# [TASK DETAILS]
Repeat exactly the lines of the listing below, please, starting with the first and ending with the line containing "Yves Saint Laurent Y Le Parfum Travel Spray"; leave out the rest.

# [MATERIALS PROVIDED]
****

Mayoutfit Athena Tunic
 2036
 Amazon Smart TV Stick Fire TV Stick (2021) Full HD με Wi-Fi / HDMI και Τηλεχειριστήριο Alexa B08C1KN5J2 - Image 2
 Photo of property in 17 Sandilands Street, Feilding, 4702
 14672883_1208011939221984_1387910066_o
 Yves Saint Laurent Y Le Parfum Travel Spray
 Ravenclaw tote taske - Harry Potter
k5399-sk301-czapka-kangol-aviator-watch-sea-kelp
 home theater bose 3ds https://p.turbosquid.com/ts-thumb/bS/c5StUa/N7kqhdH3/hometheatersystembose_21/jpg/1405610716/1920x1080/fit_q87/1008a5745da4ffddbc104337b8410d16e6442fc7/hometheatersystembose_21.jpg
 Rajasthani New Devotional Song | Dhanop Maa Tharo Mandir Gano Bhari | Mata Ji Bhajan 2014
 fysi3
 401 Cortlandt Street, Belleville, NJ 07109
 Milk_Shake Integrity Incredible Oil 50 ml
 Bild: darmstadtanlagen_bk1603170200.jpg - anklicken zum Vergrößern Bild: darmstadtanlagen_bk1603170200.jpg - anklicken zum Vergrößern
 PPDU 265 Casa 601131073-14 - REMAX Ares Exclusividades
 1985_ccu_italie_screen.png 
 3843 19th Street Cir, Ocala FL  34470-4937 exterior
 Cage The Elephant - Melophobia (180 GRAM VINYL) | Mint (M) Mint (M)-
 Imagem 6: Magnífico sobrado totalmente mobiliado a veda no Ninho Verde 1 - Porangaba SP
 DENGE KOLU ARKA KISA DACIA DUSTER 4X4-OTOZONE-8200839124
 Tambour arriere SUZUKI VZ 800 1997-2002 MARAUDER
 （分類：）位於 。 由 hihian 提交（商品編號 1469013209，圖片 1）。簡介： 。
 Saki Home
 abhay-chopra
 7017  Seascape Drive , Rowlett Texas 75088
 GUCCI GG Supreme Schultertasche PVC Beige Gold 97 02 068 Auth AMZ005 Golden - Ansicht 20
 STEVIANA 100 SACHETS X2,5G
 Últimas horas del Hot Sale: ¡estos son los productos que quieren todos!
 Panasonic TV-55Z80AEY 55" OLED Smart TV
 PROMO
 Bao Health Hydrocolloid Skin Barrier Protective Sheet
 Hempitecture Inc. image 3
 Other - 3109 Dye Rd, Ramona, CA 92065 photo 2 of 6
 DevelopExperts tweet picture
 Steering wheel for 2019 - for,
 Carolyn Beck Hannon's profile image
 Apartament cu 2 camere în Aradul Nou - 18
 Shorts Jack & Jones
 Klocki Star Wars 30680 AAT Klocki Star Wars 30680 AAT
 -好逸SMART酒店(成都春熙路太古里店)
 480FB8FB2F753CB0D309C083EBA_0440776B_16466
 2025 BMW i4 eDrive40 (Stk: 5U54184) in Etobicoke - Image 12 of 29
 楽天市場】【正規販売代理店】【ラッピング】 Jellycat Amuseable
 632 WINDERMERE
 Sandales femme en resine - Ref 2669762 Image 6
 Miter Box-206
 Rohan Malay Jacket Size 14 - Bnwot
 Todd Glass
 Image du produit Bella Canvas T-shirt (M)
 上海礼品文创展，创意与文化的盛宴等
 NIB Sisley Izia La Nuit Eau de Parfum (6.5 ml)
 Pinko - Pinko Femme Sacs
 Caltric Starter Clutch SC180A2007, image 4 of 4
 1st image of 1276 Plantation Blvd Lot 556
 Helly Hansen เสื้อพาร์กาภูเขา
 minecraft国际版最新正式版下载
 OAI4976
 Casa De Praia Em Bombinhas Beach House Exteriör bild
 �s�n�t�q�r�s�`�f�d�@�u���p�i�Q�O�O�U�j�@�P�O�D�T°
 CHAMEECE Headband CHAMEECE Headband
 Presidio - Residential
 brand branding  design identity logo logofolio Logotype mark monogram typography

****

# [OUTPUT BELOW]
Mayoutfit Athena Tunic
 2036
 Amazon Smart TV Stick Fire TV Stick (2021) Full HD με Wi-Fi / HDMI και Τηλεχειριστήριο Alexa B08C1KN5J2 - Image 2
 Photo of property in 17 Sandilands Street, Feilding, 4702
 14672883_1208011939221984_1387910066_o
 Yves Saint Laurent Y Le Parfum Travel Spray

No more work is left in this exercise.